Pero la situación alcanzó uno de sus momentos más tensos durante la polémica manifestación antiturismo, que terminó con enfrentamientos, actuaciones policiales y personas heridas, entre ellas manifestantes y miembros de las fuerzas de seguridad. La actuación de la Policía Nacional volvió a situarse en el centro del debate político y, con ella, también la posición de Alfonso Rodríguez Badal.

Sus críticos aseguran que el delegado del Gobierno no respaldó en ningún momento a los agentes que tuvieron que intervenir durante los incidentes, una interpretación que provocó una enorme indignación entre determinados sectores vinculados a la Policía Nacional. Para algunos representantes del colectivo, aquel episodio supuso un antes y un después y el momento en el que la confianza quedó seriamente dañada.

Desde entonces, la relación entre Alfonso Rodríguez Badal, la Policía Nacional y la Guardia Civil se ha convertido, según sus detractores, en uno de los asuntos más incómodos de su gestión política. Formalmente, las instituciones continúan funcionando y las Fuerzas y Cuerpos de Seguridad cumplen con las obligaciones establecidas por la ley, pero para los sectores más críticos existe una diferencia fundamental entre ejercer una autoridad institucional y contar con la confianza personal y profesional de quienes trabajan cada día sobre el terreno.

Alfonso Rodríguez Badal afronta, por tanto, un futuro político cargado de incertidumbre. Sus críticos no olvidan las polémicas, los sindicatos mantienen sus reproches y el desgaste acumulado amenaza con acompañarle en su regreso a Calvià. Además, dentro de su partido no está bien considerado y vaticinan que se pegará un batacazo de dimensiones considerables en las próximas elecciones. Será el fin de un político que ha hecho mucho daño a la política balear.

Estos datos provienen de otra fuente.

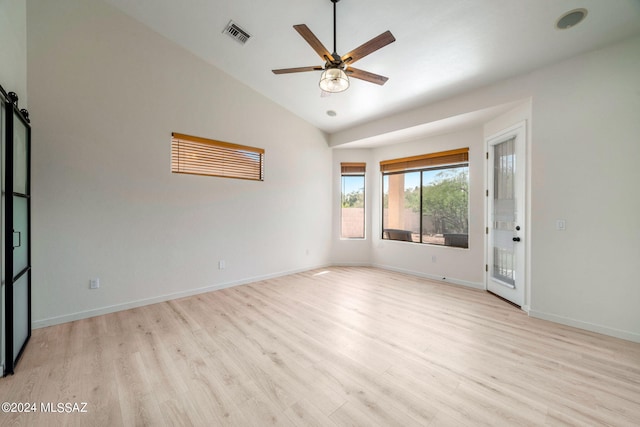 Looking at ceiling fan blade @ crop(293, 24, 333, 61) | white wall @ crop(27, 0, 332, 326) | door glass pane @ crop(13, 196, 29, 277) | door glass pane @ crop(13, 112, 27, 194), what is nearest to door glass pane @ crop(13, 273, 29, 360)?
door glass pane @ crop(13, 196, 29, 277)

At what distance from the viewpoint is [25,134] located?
2.38 metres

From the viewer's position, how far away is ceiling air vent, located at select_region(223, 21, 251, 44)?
2992mm

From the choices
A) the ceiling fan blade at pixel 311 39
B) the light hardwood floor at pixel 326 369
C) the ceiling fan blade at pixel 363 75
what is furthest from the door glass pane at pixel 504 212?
the ceiling fan blade at pixel 311 39

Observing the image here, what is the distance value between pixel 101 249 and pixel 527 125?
5555mm

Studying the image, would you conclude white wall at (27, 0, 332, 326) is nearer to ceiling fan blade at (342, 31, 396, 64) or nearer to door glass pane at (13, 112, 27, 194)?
door glass pane at (13, 112, 27, 194)

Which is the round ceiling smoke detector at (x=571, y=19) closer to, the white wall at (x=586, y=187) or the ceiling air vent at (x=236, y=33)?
the white wall at (x=586, y=187)

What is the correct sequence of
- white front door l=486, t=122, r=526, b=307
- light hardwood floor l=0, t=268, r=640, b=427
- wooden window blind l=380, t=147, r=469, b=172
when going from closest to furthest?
1. light hardwood floor l=0, t=268, r=640, b=427
2. white front door l=486, t=122, r=526, b=307
3. wooden window blind l=380, t=147, r=469, b=172

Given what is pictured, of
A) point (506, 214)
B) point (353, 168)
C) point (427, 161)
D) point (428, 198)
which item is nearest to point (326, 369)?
point (506, 214)

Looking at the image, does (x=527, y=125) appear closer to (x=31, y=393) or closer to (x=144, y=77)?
(x=144, y=77)

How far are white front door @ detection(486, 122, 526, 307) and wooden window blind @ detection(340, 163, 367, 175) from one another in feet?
7.99

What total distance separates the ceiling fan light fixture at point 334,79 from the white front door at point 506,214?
260cm

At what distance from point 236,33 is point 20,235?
3.08 metres

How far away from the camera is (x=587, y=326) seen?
2.71m

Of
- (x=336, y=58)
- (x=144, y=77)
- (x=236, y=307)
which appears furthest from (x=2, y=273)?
(x=336, y=58) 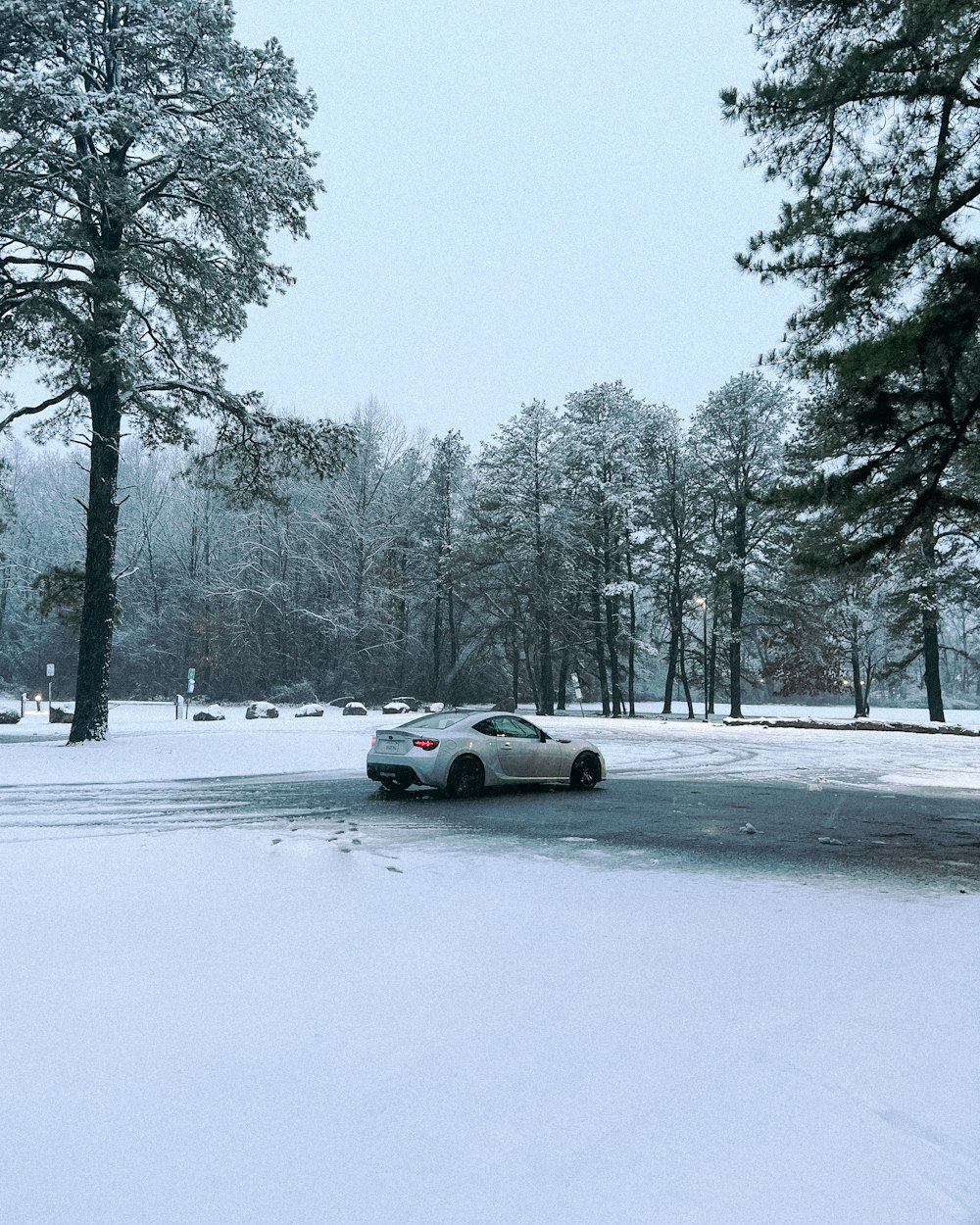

La batalla política está servida y la última palabra la tendrán los ciudadanos, pero antes el socialista tendrá que superar una crisis que ha dejado una imagen difícil de borrar: la de un delegado del Gobierno cuestionado por sectores de la Policía Nacional y la Guardia Civil y obligado ahora a defender su futuro político en un escenario mucho más complicado del que probablemente esperaba.